Proof.  (3) Let $g(x) = cf(x)$. Then

$\displaystyle \begin{align} {\operatorname{d}\over\operatorname{d}\!x}g(x) &= \lim_{h \to 0}\frac{g(x + h) - g(x)}{h} \\[7pt] &= \lim_{h \to 0}\frac{cf(x + h) - cf(x)}{h} \\[7pt] &= \lim_{h \to 0}c\left[ \frac{f(x + h) - f(x)}{h} \right] \\[7pt] &= c\lim_{h \to 0}\frac{f(x + h) - f(x)}{h} \\[7pt] &= c{\operatorname{d}\over\operatorname{d}\!x}f(x) \end{align}$

$\Box$

(4)(1) Let $F(x) = f(x) + g(x)$. Then

$\displaystyle \begin{align} {\operatorname{d}\over\operatorname{d}\!x}F(x) &= \lim_{h \to 0}\frac{F(x + h) - F(x)}{h} \\[7pt] &= \lim_{h \to 0}\frac{\left[ f(x + h) + g(x + h) \right] - \left[ f(x) + g(x) \right]}{h} \\[7pt] &= \lim_{h \to 0}\left[ \frac{f(x + h) - f(x)}{h} + \frac{g(x + h) - g(x)}{h} \right] \\[7pt] &= {\operatorname{d}\over\operatorname{d}\!x}f(x) + {\operatorname{d}\over\operatorname{d}\!x}g(x) \end{align}$

$\Box$

(5)(1) Let $F(x) = f(x)g(x)$. Then

$\displaystyle \begin{align} {\operatorname{d}\over\operatorname{d}\!x}F(x) &= \lim_{h \to 0}\frac{F(x + h) - F(x)}{h} \\[7pt] &= \lim_{h \to 0}\frac{f(x + h) g(x + h) - f(x) g(x)}{h} \end{align}$

In order to evaluate this limit, we would like to separate the functions $f$ and $g$ as in the proof of (4)(1).
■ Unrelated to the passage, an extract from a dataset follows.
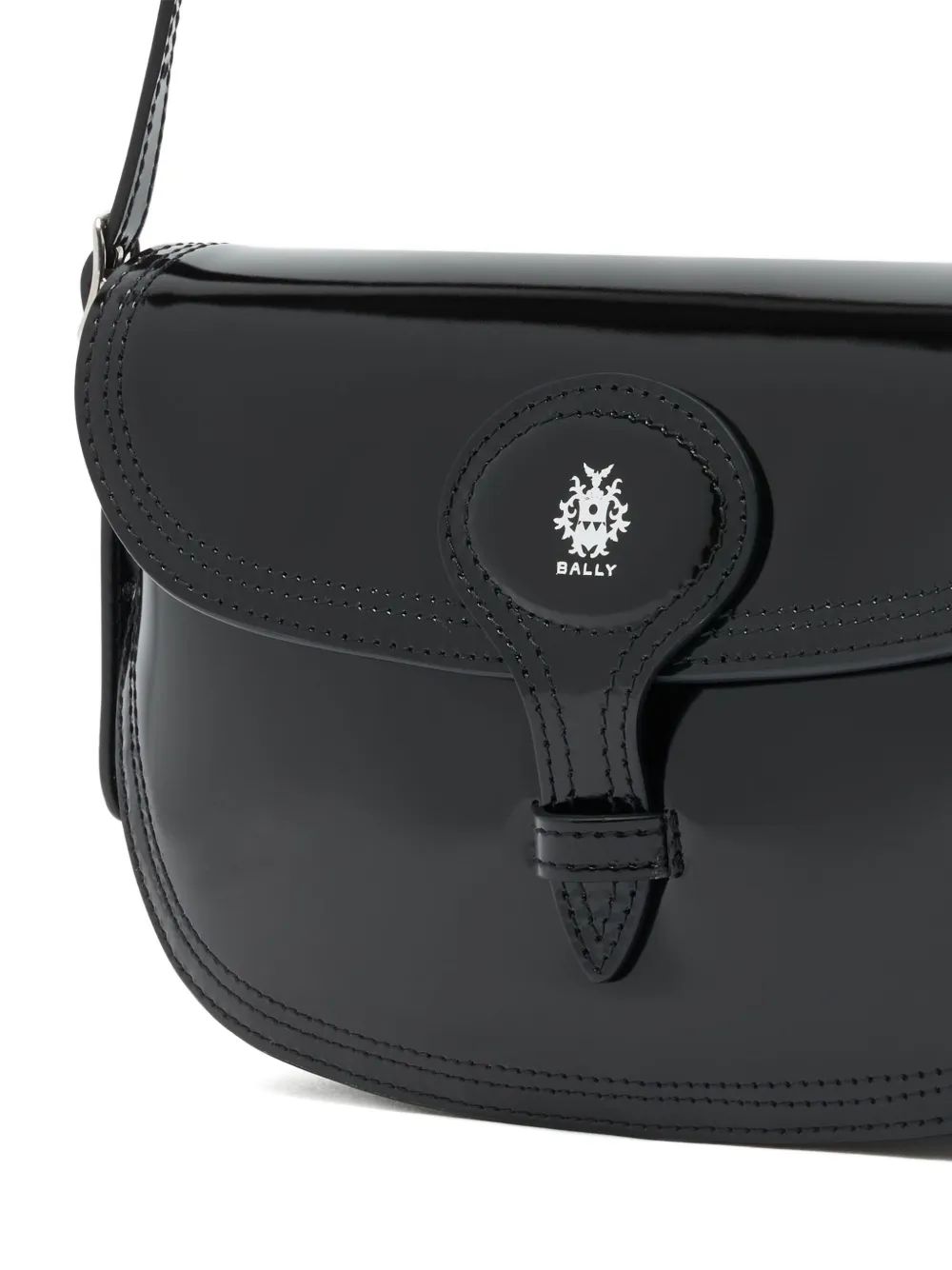 Bally Beckett kleine schoudertas Zwart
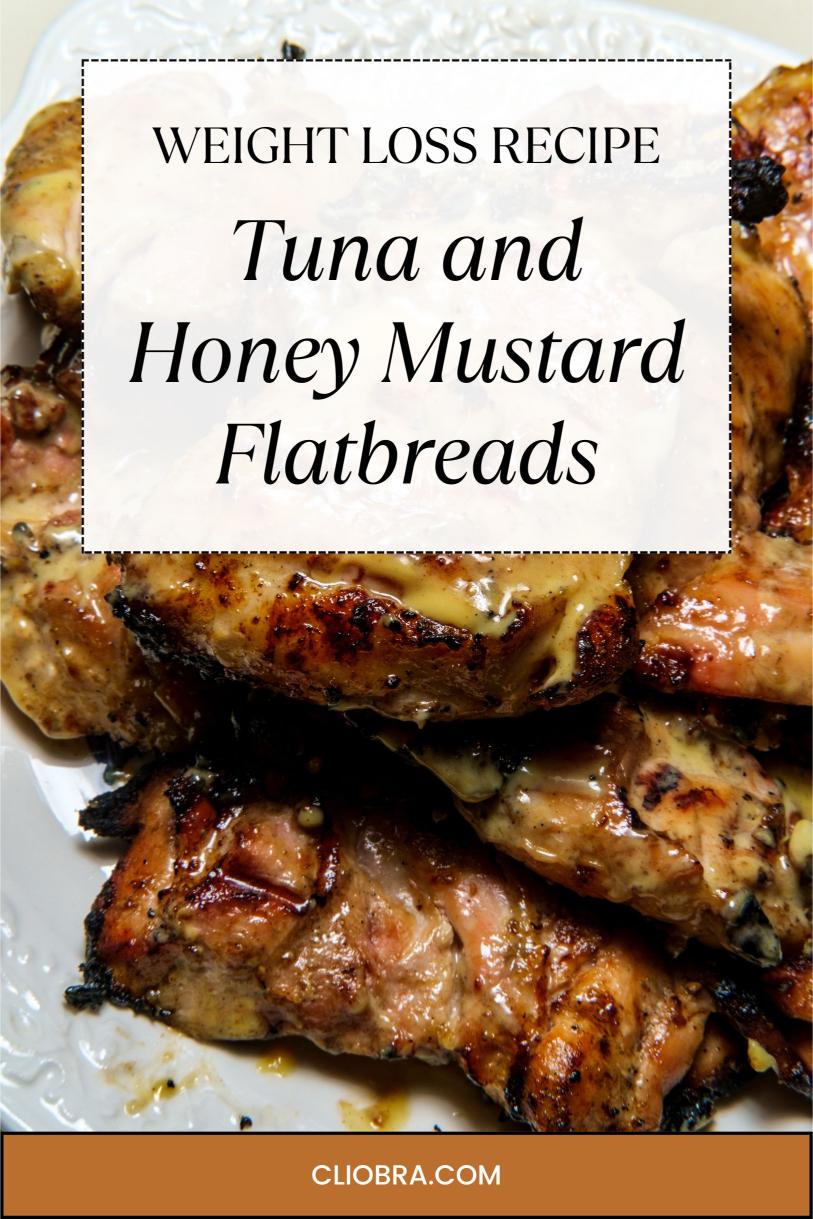 Tuna and Honey Mustard Flatbreads with Arugula – A Delicious Home-made Weight Loss Recipe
We can achieve this separation by subtracting and adding the term $f(x + h)g(x)$ in the numerator:

$\begin{align} \displaystyle &{\operatorname{d}\over\operatorname{d}\!x}F(x) \\[14pt] \displaystyle &= \lim_{h \to 0}\frac{f(x + h) g(x + h) - f(x + h)g(x) + f(x + h)g(x) - f(x) g(x)}{h} \\[14pt] \displaystyle &= \lim_{h \to 0}\!\left[ f(x + h)\frac{g(x + h) - g(x)}{h} + g(x)\frac{f(x + h) - f(x)}{h} \right] \\[14pt] \displaystyle &= \lim_{h \to 0}f(x + h) \cdot \lim_{h \to 0}\frac{g(x + h) - g(x)}{h} + \lim_{h \to 0}g(x) \cdot \lim_{h \to 0}\frac{f(x + h) - f(x)}{h} \\[14pt] \displaystyle &= f(x){\operatorname{d}\over\operatorname{d}\!x}g(x) + g(x){\operatorname{d}\over\operatorname{d}\!x}f(x) \end{align}$

$\Box$

(5)(2) Let $\displaystyle F(x) = \frac{f(x)}{g(x)}$. Then

$\displaystyle \begin{align} {\operatorname{d}\over\operatorname{d}\!x}F(x) &= \lim_{h \to 0}\frac{F(x + h) - F(x)}{h} \\[7pt] &= \lim_{h \to 0}\frac{ \displaystyle \frac{f(x + h)}{g(x + h)} - \frac{f(x)}{g(x)}}{h} \\[7pt] &= \lim_{h \to 0}\frac{f(x + h)g(x) - f(x)g(x + h)}{hg(x + h)g(x)} \end{align}$

We can separate $f$ and $g$ in this expression by subtracting and adding the term $f(x)g(x)$ in the numerator:

$\begin{align} \displaystyle &{\operatorname{d}\over\operatorname{d}\!x}F(x) \\[14pt] \displaystyle &= \lim_{h \to 0}\frac{f(x + h)g(x) - f(x)g(x) + f(x)g(x) - f(x)g(x + h)}{hg(x + h)g(x)} \\[14pt] \displaystyle &= \lim_{h \to 0}\frac{\displaystyle g(x)\frac{f(x + h) - f(x)}{h} - f(x)\frac{g(x + h) - g(x)}{h}}{g(x + h)g(x)} \\[14pt] \displaystyle &= \frac{\displaystyle \lim_{h \to 0}g(x) \cdot \lim_{h \to 0}\frac{f(x + h) - f(x)}{h} - \displaystyle \lim_{h \to 0}f(x) \cdot \lim_{h \to 0}\frac{g(x + h) - g(x)}{h}}{\displaystyle \lim_{h \to 0}g(x + h) \cdot \lim_{h \to 0}g(x)} \\[14pt] \displaystyle &= \frac{\displaystyle g(x){\operatorname{d}\over\operatorname{d}\!x}f(x) - f(x){\operatorname{d}\over\operatorname{d}\!x}g(x)}{\left[ g(x) \right]^{2}} \end{align}$

$\Box$

Example 4.1.2.  Find $F'(x)$ if $F(x) = \left(6x^{3}\right)\!\left(7x^{4}\right)$.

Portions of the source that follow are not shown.